Data extracted from a collection →
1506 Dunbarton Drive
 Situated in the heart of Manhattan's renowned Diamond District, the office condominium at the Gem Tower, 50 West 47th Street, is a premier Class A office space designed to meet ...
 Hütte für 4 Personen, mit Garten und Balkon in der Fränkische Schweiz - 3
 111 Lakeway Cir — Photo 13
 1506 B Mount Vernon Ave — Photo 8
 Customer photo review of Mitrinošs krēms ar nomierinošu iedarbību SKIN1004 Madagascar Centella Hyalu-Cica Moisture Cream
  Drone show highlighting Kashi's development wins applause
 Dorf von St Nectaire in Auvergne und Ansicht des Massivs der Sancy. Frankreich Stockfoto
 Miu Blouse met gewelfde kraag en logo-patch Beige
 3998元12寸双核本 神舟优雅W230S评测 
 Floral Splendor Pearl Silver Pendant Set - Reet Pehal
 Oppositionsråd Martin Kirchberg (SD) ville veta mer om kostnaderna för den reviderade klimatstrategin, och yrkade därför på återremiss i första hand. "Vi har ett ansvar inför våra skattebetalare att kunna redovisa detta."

Work to complete →
Nothing in the data may be left out. Copy all of it exactly.

Answer to the exercise →
1506 Dunbarton Drive
 Situated in the heart of Manhattan's renowned Diamond District, the office condominium at the Gem Tower, 50 West 47th Street, is a premier Class A office space designed to meet ...
 Hütte für 4 Personen, mit Garten und Balkon in der Fränkische Schweiz - 3
 111 Lakeway Cir — Photo 13
 1506 B Mount Vernon Ave — Photo 8
 Customer photo review of Mitrinošs krēms ar nomierinošu iedarbību SKIN1004 Madagascar Centella Hyalu-Cica Moisture Cream
  Drone show highlighting Kashi's development wins applause
 Dorf von St Nectaire in Auvergne und Ansicht des Massivs der Sancy. Frankreich Stockfoto
 Miu Blouse met gewelfde kraag en logo-patch Beige
 3998元12寸双核本 神舟优雅W230S评测 
 Floral Splendor Pearl Silver Pendant Set - Reet Pehal
 Oppositionsråd Martin Kirchberg (SD) ville veta mer om kostnaderna för den reviderade klimatstrategin, och yrkade därför på återremiss i första hand. "Vi har ett ansvar inför våra skattebetalare att kunna redovisa detta."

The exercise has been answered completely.